Granted, it might not be the most aesthetically interesting statue (he looks like he is in costume to deliver a singing Valentine), and you could technically honor any writer this way, but at least they aspired.  It got me to visit it, which I probably wouldn’t have done had it been a mere life-accurate representation of him.

Back at the parking lot, I didn’t see the boy, but I do wish I’d of given him some spare change. All of it, actually.

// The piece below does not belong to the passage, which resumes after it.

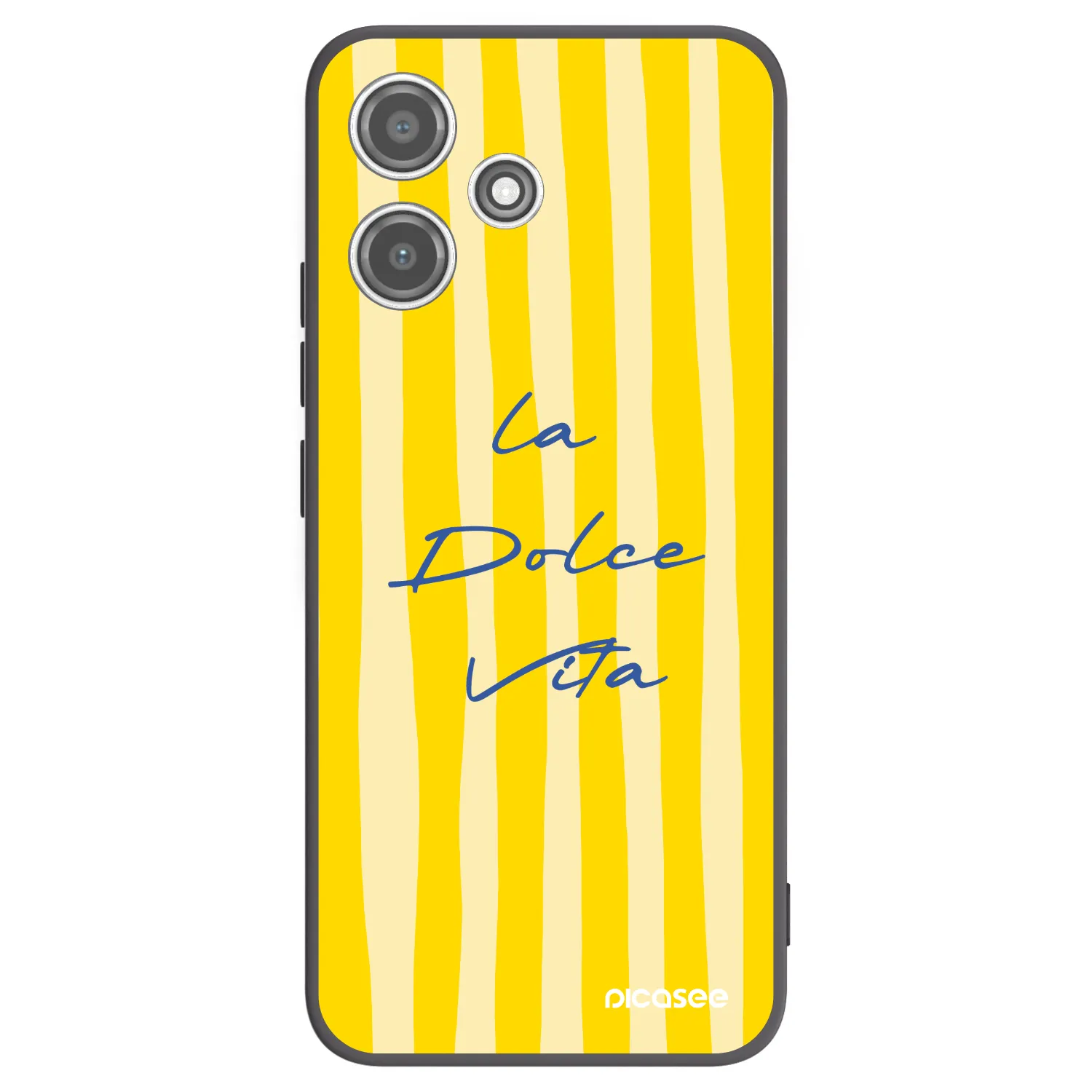 Picasee husă neagră din silicon pentru Xiaomi Redmi 12 5G - Ladolcevita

I'm not tenderhearted, I was just tired of carrying around all those clanky one-dollar Euros in my pockets.

I also wish I was more familiar with Yeats' work, because not only did I find myself at his statue, I also saw his grave. 

Just outside of Sligo is the town of Drumcliff, where Yeats is buried in a small church that looks like it’s straight out of a Caspar David Friedrich painting.  Behind the church and graveyard, Benbulben looms, a mountain that Yeats took inspiration from in his poetry.

In front of this church is a sculpture honoring Yeats’ work by physically illustrating his poem “He Wishes for the Cloths of Heaven.”  It depicts a bald, shirtless man crouching above a blanket engraven with the words of the poem.

All right.  One to go.  My experience with the location of the last statue in this series was the exact opposite of Sligo.  That’s not surprising, considering it’s located on the Ring of Kerry, a loop of scenic drive that circuits the Iveragh Peninsula in County Kerry and takes you through gorgeous and varied scenery, including mountains, coasts, country towns, and little herds of sheep with spray-painted arses.


We passed by a few statues and monuments here and there on our course around the ring, but nothing really worth mentioning that I saw.  That is, until about the midpoint, in a nice little town called Waterville at the tip of the peninsula itself.  There at the edge of a town, set against a beautiful backdrop of ocean, we saw a statue of a short man with a bowler hat, a cane, and a weird little stance.  Charlie Chaplin.

Cool.  Wait.  What?

Yes, Charlie Chaplain, silent film comedian and Hollywood (and thus American) legend.  Charlie Chaplin was not Irish.  He never played an Irish character.  As far as I know, he never even filmed in Ireland.  Charlie Chaplin’s honored with a statue in Waterville for one reason...he vacationed there regularly.  Your timeshare owes you at least a commemorative plaque.


Like I said, I don’t know anything about Chaplin.  I did a little research on him but only found out that had he been born a generation or two later, he’d of probably been arrested for pedophilia.  But Chaplin’s movies, or probably more accurately, Chaplin himself, is so universally acclaimed that his work has always been on my list to check out.  Unfortunately, that list is longer than I have a lifespan for and I haven’t gotten to Chaplin yet.  And that’s tragic because my list is alphabetized. 

I consider this photograph of me with his statue to be a future-thinking picture.  If I ever do get to his work and dig it, I’ll be glad I stood with his statue. Actually, I'm glad I stood with all these statues, whether I got them or not. I don't have very many pictures of me hanging with friends, so these are what I frame and hang on my walls.